Well known for its toxicity, arsenic was regarded in the past as the king among poisons because its symptoms are like those of cholera and can often go undetected.

In China, however, it has long served a dual purpose. Apart from intentional poisoning, it has been used for at least 2,000 years in traditional Chinese medicine.

In 1992, a group of Chinese doctors reported how they used arsenic to treat acute promyelocytic leukemia (APL), a blood and bone marrow cancer that has surprisingly high cure rates of over 90 percent in China.

However, the actual workings of arsenic and how it interacts with cancer tissues has never been clear -- until Zhang and his colleagues used modern technology to find out.

In a paper published in the journal Science, Zhang and his team, which includes Health Minister Chen Zhu, described how they used modern equipment and saw how arsenic attacked specific proteins that would otherwise be keeping the cancer alive and well.
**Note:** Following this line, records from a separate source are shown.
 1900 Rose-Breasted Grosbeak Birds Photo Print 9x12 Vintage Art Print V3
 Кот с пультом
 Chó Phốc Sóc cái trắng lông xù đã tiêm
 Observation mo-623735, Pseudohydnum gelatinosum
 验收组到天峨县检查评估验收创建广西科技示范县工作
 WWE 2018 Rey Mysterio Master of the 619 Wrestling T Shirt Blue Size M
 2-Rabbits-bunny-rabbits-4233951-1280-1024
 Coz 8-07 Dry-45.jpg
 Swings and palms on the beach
"This shows how Western technology can be used to find out about the mysteries of Chinese medicine," Zhang said.

"Although many countries are now using arsenic to treat APL, some countries are resistant to the idea. It depends a lot on whether doctors recommend it and whether patients accept it."
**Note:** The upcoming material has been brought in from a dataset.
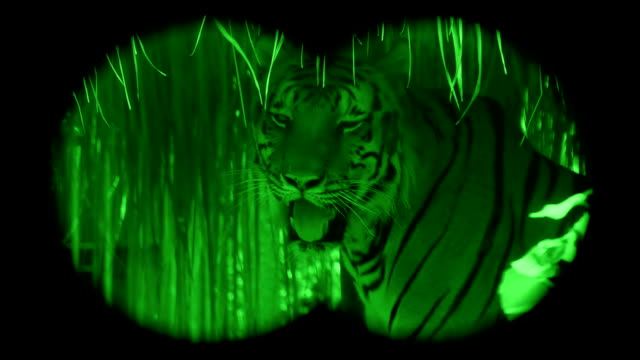 Silvestres-en-peligro-de-extinción-tigre-grande
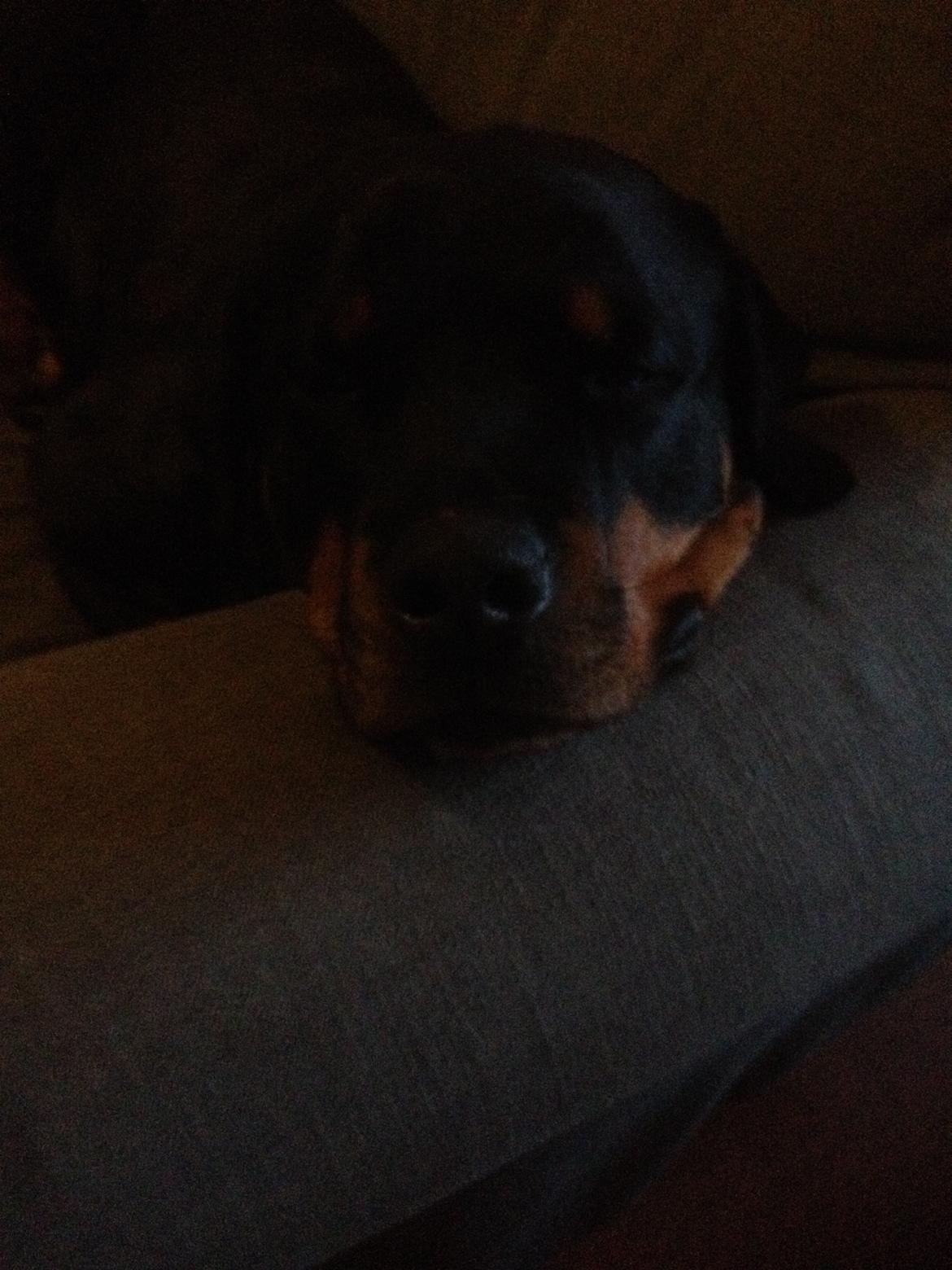 Rottweiler Schutzholmen`s Noble In aka "Noah" billede 10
In APL, there is a drop in the production of normal red blood cells and platelets, resulting in anemia and thrombocytopenia. The bone marrow is unable to produce healthy red blood cells. Until the 1970s, APL was 100 percent fatal and there was no effective treatment.

"The clinical result of arsenic in treating APL is well-established. More than 90 percent of APL patients in China have (at least) five years of disease-free survival," Zhang said.

In a separate commentary in Science, Scott Kogan at the University of California San Francisco Cancer Center wrote that proper case selection and combination therapy with arsenic may lead to improved outcomes for treating not only promyelocytic leukemia, but other diseases as well.

"If so, an ancient medicine, revived through careful clinical and biological studies in modern times, will have an even greater impact on human health," wrote Kogan, who was not linked to the Chinese study.

BumbleBeeBoogie
 
  1  
Reply Fri 17 Feb, 2012 01:47 pm
@edgarblythe,
Thanks for the additional information.

BBB
0 Replies
 
Fido
 
  0  
Reply Fri 17 Feb, 2012 01:49 pm
@Joe Nation,
Joe Nation wrote:

and that's also the point, they are measuring the EXCRETED amounts.

How much is still in me latching onto godknowswhat?

Joe(arsenic likes hemoglobin)Nation
Look on the bright side... Dying may be the only condition preventing you from becoming a spoiled, used up,vapid brained republican... Death before dishonor, man; and that is what we should all pray for...
Joe Nation
 
  1  
Reply Fri 17 Feb, 2012 01:57 pm
@Fido,
If I was offered a choice between becoming a Republican or drinking a cup of arsenic, I'd slug the first cup down quickly and ask for another.

Joe(With a little ice and soda, please) Nation
farmerman
 
  1  
Reply Fri 17 Feb, 2012 04:56 pm
@Joe Nation,
arsenic can accumulate and can do you in many years after youve begun ingesting it in water or veggies.
ossobuco
 
  1  
Reply Fri 17 Feb, 2012 05:14 pm
@farmerman,
No problem, at least half the people I know are vegetable avoidant.
roger
 
  2  
Reply Fri 17 Feb, 2012 06:35 pm
@ossobuco,
Hey! Ketchup is a vegetable, too, ya know. I use lots of ketchup.
ossobuco
 
  1  
Reply Fri 17 Feb, 2012 07:38 pm
@roger,
One of the scenarios between my niece and me was that I had a friend who...

well, she's a landscape architect, design teacher, costume designer, weaver, totally crazed cook, and so on, but my niece remembers her as the woman who made her own ketchup.

I'm out of this, I never understood ketchup.

Hers probably were not arsenic in bottles.